__WORK INSTRUCTIONS__. Only the text belongs in the copy. Transcribe the data exactly and drop any pictures.

__PROVIDED DATA__.
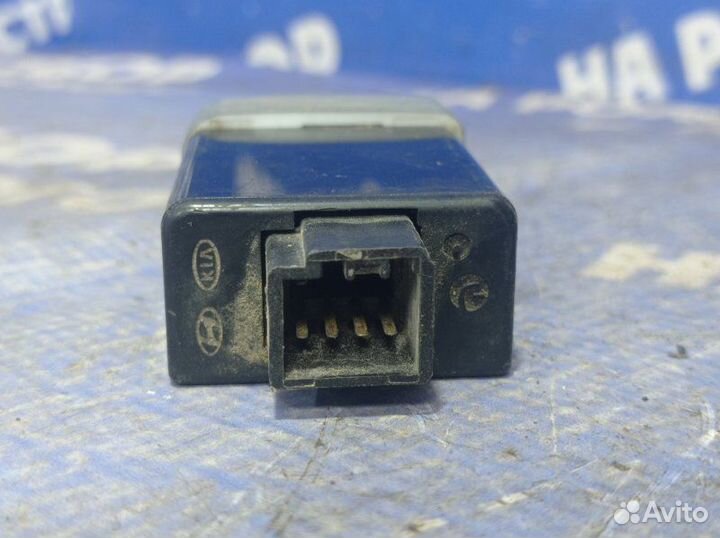 Кнопка корректора фар Kia Cerato 1 седан G4FC 2006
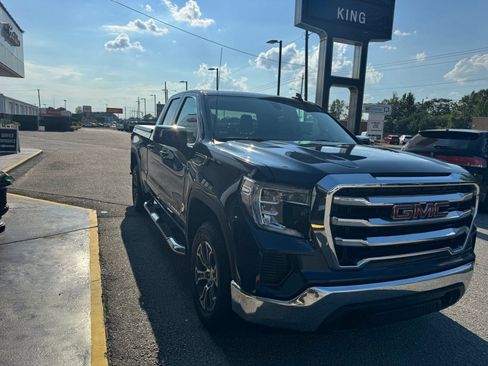 Certified 2022 GMC Sierra 1500 SLE AWD/4WD image 8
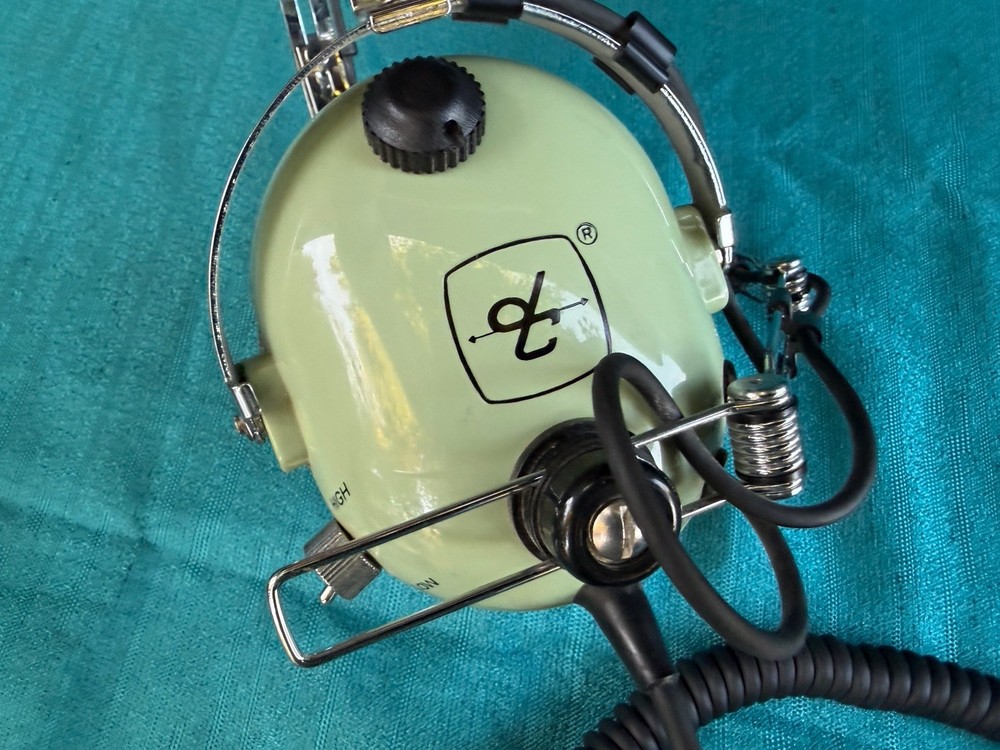 David Clark H10-66 Aviation Headset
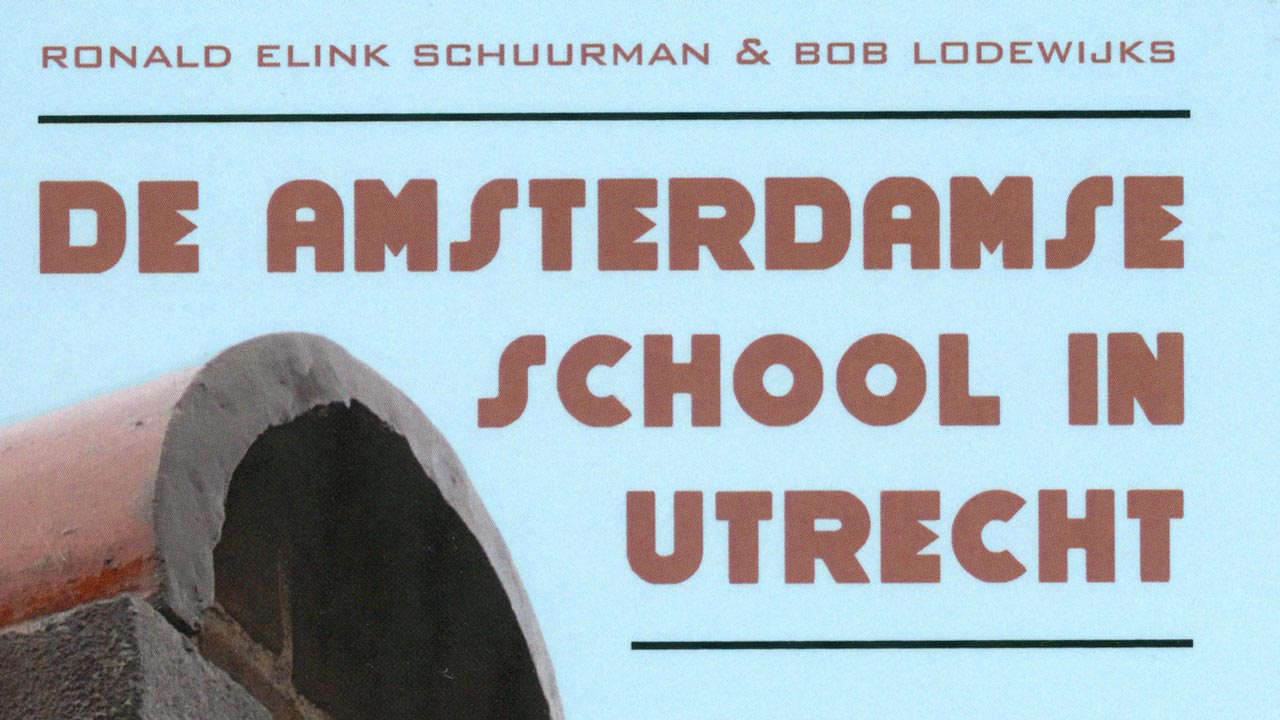 De voorkant van het boekje ''De Amsterdamse School in Utrecht''.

__WRITTEN RESPONSE__.
 Кнопка корректора фар Kia Cerato 1 седан G4FC 2006
 Certified 2022 GMC Sierra 1500 SLE AWD/4WD image 8
 David Clark H10-66 Aviation Headset
 De voorkant van het boekje ''De Amsterdamse School in Utrecht''.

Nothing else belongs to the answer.